Excerpts from a dataset
+--

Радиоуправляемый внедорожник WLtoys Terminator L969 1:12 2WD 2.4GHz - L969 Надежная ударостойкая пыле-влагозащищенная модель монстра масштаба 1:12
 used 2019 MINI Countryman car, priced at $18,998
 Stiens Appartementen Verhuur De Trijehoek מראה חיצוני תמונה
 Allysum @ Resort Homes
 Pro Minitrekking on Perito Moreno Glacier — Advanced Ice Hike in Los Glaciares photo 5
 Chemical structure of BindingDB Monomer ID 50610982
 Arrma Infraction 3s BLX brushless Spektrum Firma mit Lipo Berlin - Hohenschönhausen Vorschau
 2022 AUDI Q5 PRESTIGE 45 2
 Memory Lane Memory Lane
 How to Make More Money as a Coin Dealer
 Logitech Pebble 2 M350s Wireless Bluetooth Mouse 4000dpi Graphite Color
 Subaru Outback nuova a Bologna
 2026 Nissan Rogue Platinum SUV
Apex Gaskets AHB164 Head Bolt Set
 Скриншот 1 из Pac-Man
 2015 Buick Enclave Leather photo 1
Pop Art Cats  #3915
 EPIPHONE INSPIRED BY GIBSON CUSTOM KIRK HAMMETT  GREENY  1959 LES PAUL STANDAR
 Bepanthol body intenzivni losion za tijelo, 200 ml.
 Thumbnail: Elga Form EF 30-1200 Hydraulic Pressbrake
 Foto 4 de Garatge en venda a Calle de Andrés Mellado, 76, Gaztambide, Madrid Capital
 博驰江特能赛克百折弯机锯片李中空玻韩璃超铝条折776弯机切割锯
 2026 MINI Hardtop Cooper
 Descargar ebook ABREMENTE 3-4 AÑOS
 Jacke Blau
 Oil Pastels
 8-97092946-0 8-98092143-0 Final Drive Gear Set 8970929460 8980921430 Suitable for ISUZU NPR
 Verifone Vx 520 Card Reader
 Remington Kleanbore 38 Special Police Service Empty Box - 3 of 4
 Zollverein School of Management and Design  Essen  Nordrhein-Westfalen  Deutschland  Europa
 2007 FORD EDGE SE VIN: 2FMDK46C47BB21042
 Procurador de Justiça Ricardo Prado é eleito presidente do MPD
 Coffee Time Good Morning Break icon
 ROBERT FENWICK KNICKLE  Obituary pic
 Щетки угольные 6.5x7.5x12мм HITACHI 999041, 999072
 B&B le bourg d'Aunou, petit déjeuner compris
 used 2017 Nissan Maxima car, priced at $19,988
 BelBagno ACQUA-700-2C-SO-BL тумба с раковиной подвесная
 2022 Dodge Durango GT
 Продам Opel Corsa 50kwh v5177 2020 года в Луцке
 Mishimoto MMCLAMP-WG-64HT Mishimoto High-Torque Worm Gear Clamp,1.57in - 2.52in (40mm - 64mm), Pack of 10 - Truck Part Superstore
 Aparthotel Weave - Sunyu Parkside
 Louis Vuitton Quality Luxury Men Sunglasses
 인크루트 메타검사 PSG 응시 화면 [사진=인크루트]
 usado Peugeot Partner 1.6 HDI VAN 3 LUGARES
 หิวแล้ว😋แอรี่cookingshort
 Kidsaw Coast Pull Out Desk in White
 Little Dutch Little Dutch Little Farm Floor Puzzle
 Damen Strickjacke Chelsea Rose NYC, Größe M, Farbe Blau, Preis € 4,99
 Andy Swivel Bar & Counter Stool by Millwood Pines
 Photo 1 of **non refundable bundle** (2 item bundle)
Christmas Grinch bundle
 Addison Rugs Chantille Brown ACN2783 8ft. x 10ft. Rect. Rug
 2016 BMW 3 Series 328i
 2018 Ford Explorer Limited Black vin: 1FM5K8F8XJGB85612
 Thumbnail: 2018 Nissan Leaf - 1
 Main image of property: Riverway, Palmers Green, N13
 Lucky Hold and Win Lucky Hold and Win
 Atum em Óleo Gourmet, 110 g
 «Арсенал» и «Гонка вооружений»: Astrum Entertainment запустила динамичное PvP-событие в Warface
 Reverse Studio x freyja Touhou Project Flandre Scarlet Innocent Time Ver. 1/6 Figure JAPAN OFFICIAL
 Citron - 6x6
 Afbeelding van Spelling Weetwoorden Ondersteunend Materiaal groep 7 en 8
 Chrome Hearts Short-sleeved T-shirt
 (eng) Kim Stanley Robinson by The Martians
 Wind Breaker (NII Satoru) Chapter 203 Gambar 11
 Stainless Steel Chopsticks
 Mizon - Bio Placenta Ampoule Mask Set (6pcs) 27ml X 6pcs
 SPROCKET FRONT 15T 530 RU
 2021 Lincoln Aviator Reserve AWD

+--

> _Exercise directions_
Within the entries, how many lines contain the word "priced"? Answer with a number alone.

> _Answer to the problem_
2